I have had a hard time finishing books lately. I finally set aside Miss Leavitt's Stars, about how we learned to determine the distances between the stars and between the earth and the stars. It was interesting, but I have a kind of blind spot or handicap when it comes to the details of physics. (I love the big concepts, though.) A sort of mental fog keeps me from comprehending basic mechanics. Ah well.
I have also been rereading Ward Just's 21 Stories, which is a mass-market paperback, and so fits nicely in my purse. And the stories are really excellent. But they seem to get rather more depressing as the book proceeds, so I have been correspondingly less inclined to take it out of my purse.
With Clever Maids, I've finally finished something. It's a decent read, about the female sources of the fairy tales we're accustomed to attributing to the Brothers Grimm, and has some biographical interest. But the author seems to have an axe to grind, which can get annoying.

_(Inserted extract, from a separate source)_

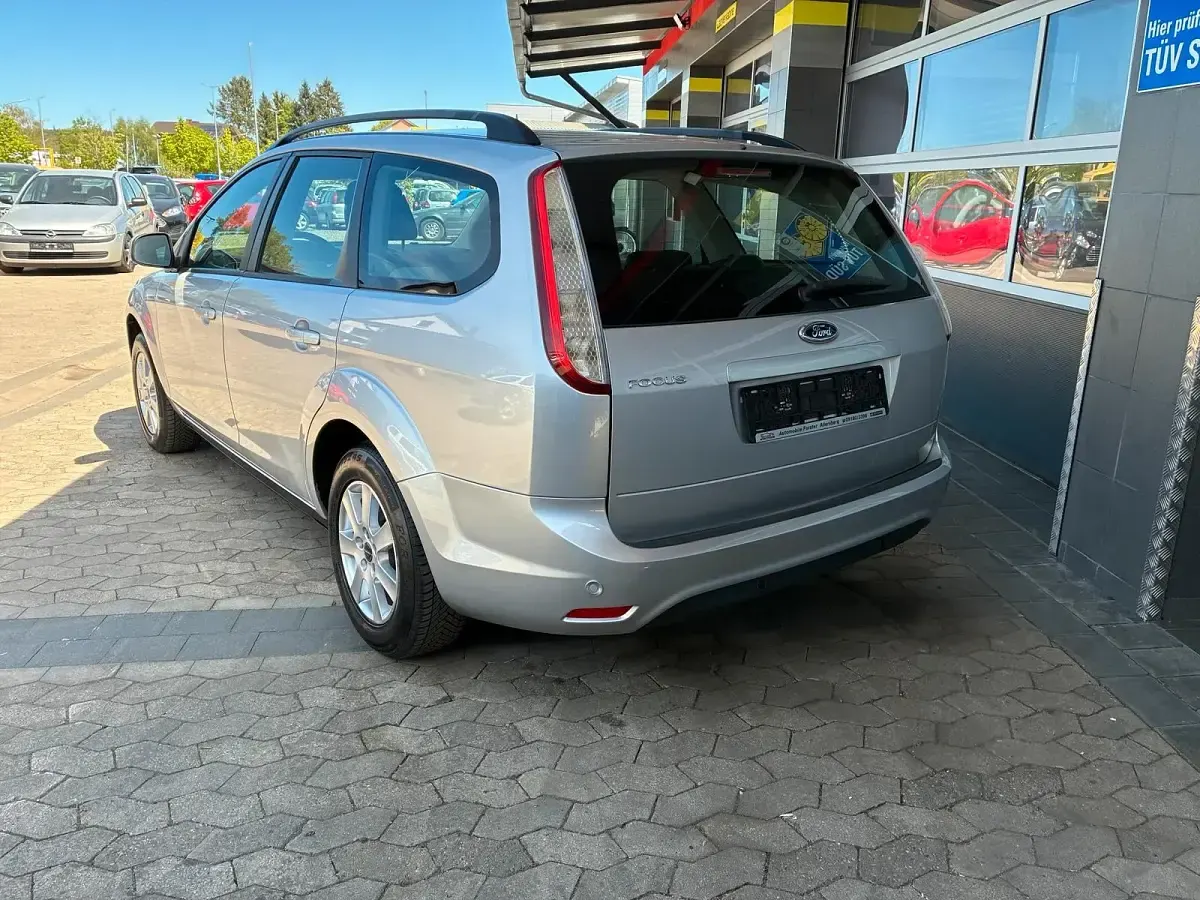 Używany Ford Focus 100 KM (73 kW) 2010 Srebrny Kombi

She keeps noting that the Grimms never thanked their female sources by name in their publications. Surely it would've been nice if they had, but I wonder if such public acknowledgment was really the custom in the early 1800s. The Grimms were folklorists--they never claimed to be the tales' original authors.
Still, nice to know a bit more about the Grimms and their process for collecting and setting down stories. The book is less interesting for its analysis of the tales, which is (to say say the least) not subtle. For fairy tale analysis, I prefer Maria Tatar's Off With Their Heads.